| Early Intensive Behavioral
Intervention Programs for Children with Autism
or at risk of Autism:
In the spring of 2005, Counseling & Consulting
Services (CCS) began, in cooperation with the
Division of Developmental Disabilities (DDD),
a one-year Pilot Project. This project,
originally proposed by Philip Johnson, M.S., was
to provide assessment-based Early Intensive
Behavioral Intervention (EIBI) for children
with autism, or at risk of autism, under the age
of three. Since its inception, the Pilot Program
has been serving nearly thirty children statewide.
In early 2006, DDD extended the project to serve
the original referral group until those children
reach age five, as well as provide new referrals.
Additionally, CCS Consultants provide private
EIBI services to older children with autism.

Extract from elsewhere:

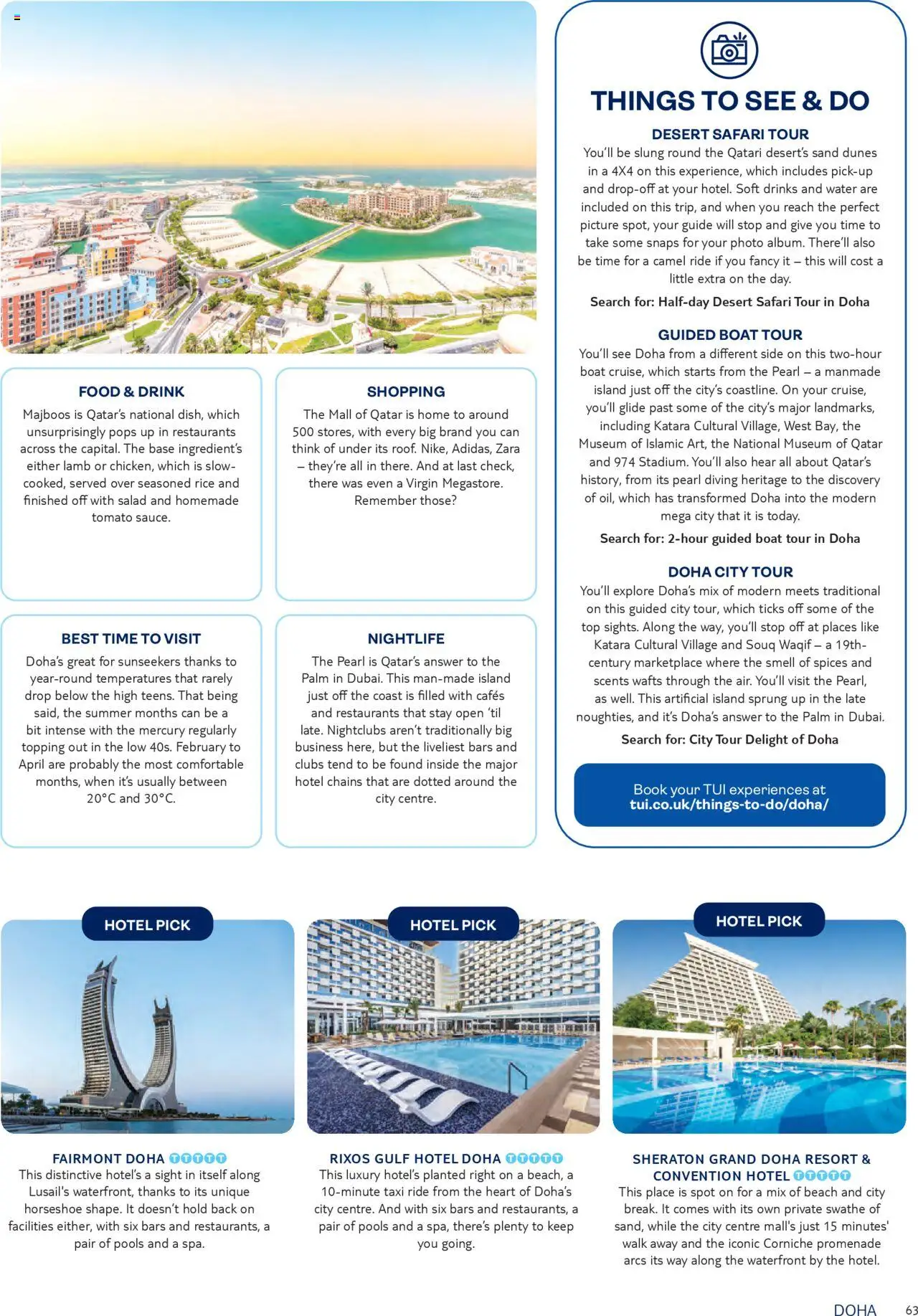 TUI - Cities - page 63- valid from 01/11/2024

EIBI are primarily home-based and parent-directed
intervention programs. Therefore, much of
the responsibility for implementing each program
is delegated to the parent. Parents are expected
to be closely involved throughout the entire intervention
process by:
- Providing critical information during the
initial assessment
- Collecting data
- Assisting with the training and monitoring
of their child’s habilitation trainers
- Assisting with the identification and development
of new habilitation goals and objectives
- Actively participating as a member of their
child’s habilitation team
Consultant-based EIBI programs are designed
to utilize each child’s strengths while
addressing their unique challenges. The objectives
and goals of each individualized intervention
program focuses on social skills acquisition,
communication, functional skills acquisition,
and reduction of interfering behaviors. Intervention
programs are based upon an applied behavioral
analysis (ABA) model, with the contingent use
of positive reinforcement to strengthen the occurrence
of desirable behaviors.
Intervention Plans include the following
components:
- Operational definitions of the behaviors
that are to be acquired, increased, reduced,
or eliminated
- Detailed descriptions of objectives, goals,
and strategies
- Ongoing data collection throughout the assessment
and intervention phases of the plan.
When designing each child’s Intervention
Plan, CCS Consultants include the following:
- Utilize information and data collected from
observations and interviews conducted at home
and at school
- Skills to be taught are broken down into
incremental steps that can be easily mastered
- The steps progress from simple to complex,
so as to shape their development and acquisition.
- Teaching programs utilize the following instructional
techniques: modeling, shaping, fading, and chaining.